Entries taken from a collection
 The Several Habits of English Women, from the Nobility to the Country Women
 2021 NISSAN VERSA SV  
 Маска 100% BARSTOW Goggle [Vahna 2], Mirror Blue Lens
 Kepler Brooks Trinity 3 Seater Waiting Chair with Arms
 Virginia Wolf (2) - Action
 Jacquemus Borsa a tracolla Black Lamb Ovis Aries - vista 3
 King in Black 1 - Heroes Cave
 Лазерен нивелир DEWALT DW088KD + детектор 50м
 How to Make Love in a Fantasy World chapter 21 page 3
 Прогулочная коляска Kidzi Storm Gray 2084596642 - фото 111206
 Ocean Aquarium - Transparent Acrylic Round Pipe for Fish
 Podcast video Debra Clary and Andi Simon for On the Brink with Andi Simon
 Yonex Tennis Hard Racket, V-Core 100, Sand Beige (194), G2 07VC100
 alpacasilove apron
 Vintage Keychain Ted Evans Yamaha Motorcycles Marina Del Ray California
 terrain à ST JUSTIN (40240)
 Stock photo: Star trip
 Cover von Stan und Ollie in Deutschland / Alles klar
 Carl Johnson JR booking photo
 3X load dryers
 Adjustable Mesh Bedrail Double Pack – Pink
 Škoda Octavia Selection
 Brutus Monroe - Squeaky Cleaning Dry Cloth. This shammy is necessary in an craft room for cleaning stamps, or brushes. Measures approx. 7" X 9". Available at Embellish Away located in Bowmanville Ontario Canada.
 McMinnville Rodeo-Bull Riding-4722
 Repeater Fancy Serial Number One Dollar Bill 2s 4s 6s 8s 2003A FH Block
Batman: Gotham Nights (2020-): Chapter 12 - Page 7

● Goal of the exercise:
Count the lines in the records above that contain the word "photo", and report only that number.

● Task output:
2